Emily Eakin:

Ken Wilber? In academic circles, Wilber remains obscure. A sixty-three-year-old autodidact, he is the author of an ambitious effort to reconcile empirical knowledge and mystical experience in an “Integral Theory” of existence. Yet his admirers include not only the alternative-healing guru Deepak Chopra—who has called Wilber “one of the most important pioneers in the field of consciousness”—but also the philosopher Charles Taylor, the theologians Harvey Cox and Michael Lerner, and Bill Clinton. Wilber’s generally lucid treatments of both Western science and Eastern spirituality have earned him favor with a coterie of highly literate seekers for whom the phrase “New Age” is nonetheless suspect. He’s an intellectual’s mystic, short on ecstatic visions and long on exegeses of Habermas (whom he regards, for his perception of “homologous structures” in human individual and social development, as something of a kindred spirit). At the Integral Institute, a Colorado-based think tank inspired by Wilber’s ideas, scholars like Jack Crittenden, a professor of political theory at Arizona State University, strive to apply his approach to “global-scale problems,” from climate change to religious conflict.

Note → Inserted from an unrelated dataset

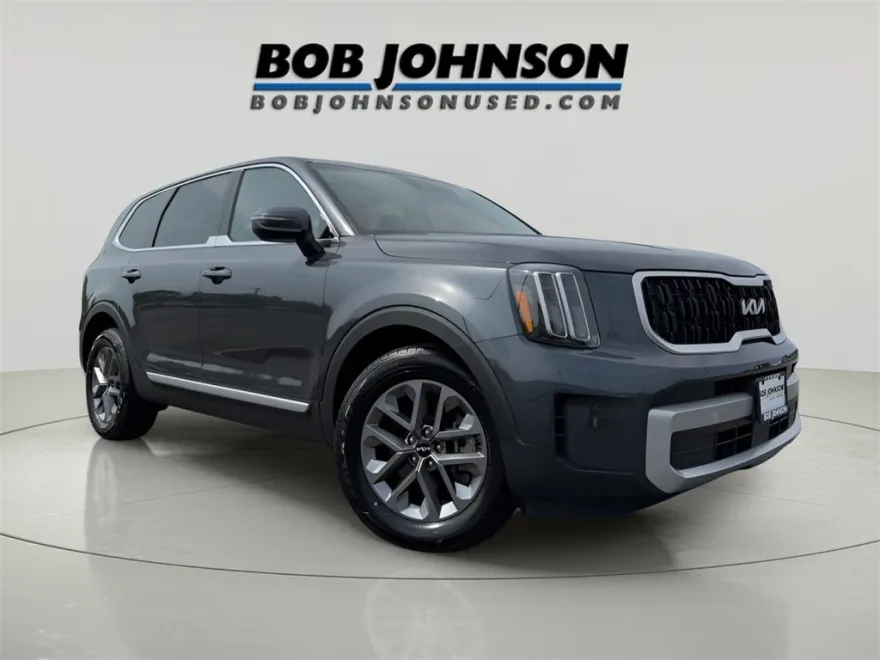 2023 Kia Telluride LX photo 1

Yes, “an intellectual’s mystic”, exactly. He’s conversant enough with “serious” science and philosophy to appeal to those who would be embarrassed to be seen reading Chopra or Eckhart Tolle, but being fluent in jargon — or, at least, fluent enough to pass a cursory reading — isn’t the same thing as knowing what you’re talking about (other worthwhile and amusing criticism can be found here and here). I actually read all of his books back in the late ’90s, lest you think I’m just being opinionated for the hell of it. The most telling detail I still remember was the fact that he named the German Idealist philosopher Schelling as his apparent intellectual hero; make of that what you will.